Gerade weil im Moment eine Art Patt herrscht, und weil so eine Situation im Militärischen wie Politischen schnell eskaliert werden kann, gerade deshalb wäre jetzt die Notwendigkeit, dass ein Vermittler gefunden wird. (Den Vermittler hatte ich am 1.9. hier umrissen)
Die Lösung dieses Vermittlers muss nicht die Weisheit für die nächsten Jahrhunderte sein, dafür dürften die Probleme viel zu komplex sein. Aber man sollte einer nächsten Generation, die vielleicht klüger ist, die Chance geben, ohne kriegerische Mittel aus der Situation herauszufinden!
Eine temporäre Lösung für jetzt – als Chance für eine Zukunft
Zur Illustration des Gemeinten hier eine völlig hypothetische Situation: Bei den jetzigen „Friedens“-Verhandlungen dominiert noch altes Denken und die Macht des Militärischen; so kommt es dazu, dass Russland die vier Provinzen behält, allerdings mit viel schmalerer Ausdehnung, vor allem im Süden.
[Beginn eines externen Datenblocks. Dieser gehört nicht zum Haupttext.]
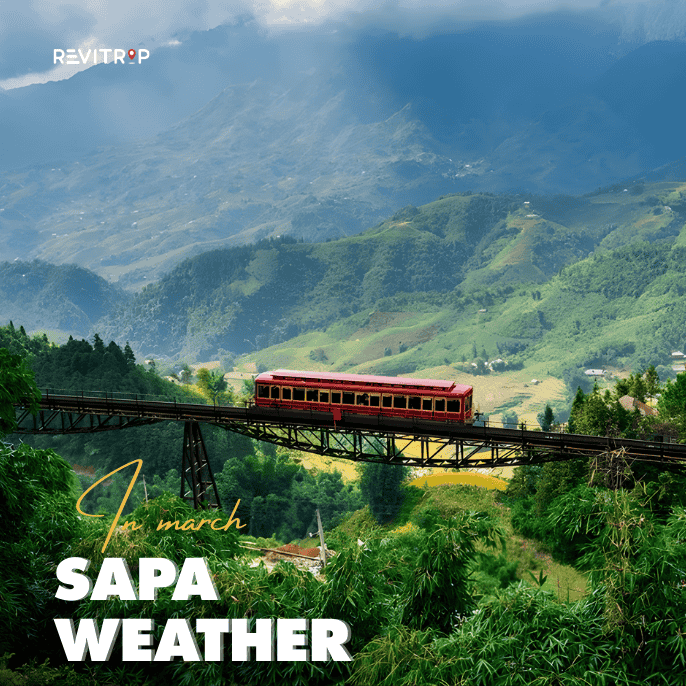 Sapa Weather in March: What to Expect and What to Do (2026)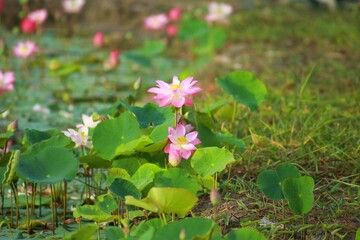 Lotus is considered a symbol of goodness. The belief has been around since the time of the Buddha. There is a legend that says that the doctor Jivaka Komarabhacca prepared medicine from lotus flowers 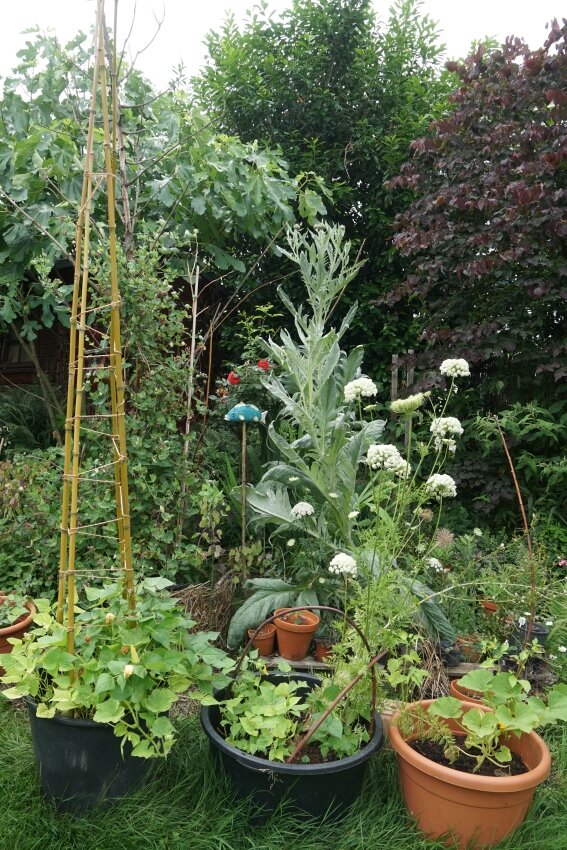 Der wilde Garten von GartenGarten.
Das Ganze wird als Provisorium mit Vorbehalten formuliert, ähnlich wie viele Regelungen zur deutschen Frage bis 1989. – Ab da entwickelt sich die Ukraine als Teil des „Westens“ ähnlich kräftig wie Polen seit 1989, Russland stagniert. – Neue Regierungen von neuen Generationen auf beiden Seiten stellen fest, dass der Friedensvertrag von 2022/23 nicht mehr befriedigt: so würden Russland und Ukraine sich freuen, nicht mehr so viele Mittel für eine elend lange Militärgrenze ausgeben zu müssen; die Bevölkerung der 4 (oder 2) Provinzen votierte angesichts des (gerade angenommenen) ukrainischen Aufschwunges mehrheitlich für Zugehörigkeit zur Ukraine; aus Erleichterung über die jetzt erlangte Lösung finden beide eine Lösung für die Krim. Das alles wird flankiert von einer europäischen Sicherheitsordnung, ähnlich der „Verständigung“ zwischen USA und SU seit der Cuba-Krise, die die Verständigung von BRD und DDR flankiert.
Fazit:
Sage niemand, dass dieses Zukunftsbild illusorisch oder naiv wäre! Illusorisch und naiv ist derjenige, der bei einem „Einfach-weiter-so-wie-jetzt“ glaubt, einer Katastrophe entgehen zu können oder, noch naiver, einen „Sieg“ erringen zu können. Vielmehr:
Wer im Jahre 1871 oder 1918 hätte gedacht, dass es zwischen den „Erzfeinden“ Frankreich und Deutschland mal so konfliktarm zugehen würde wie seit 1963 – also schon seit 60 Jahren.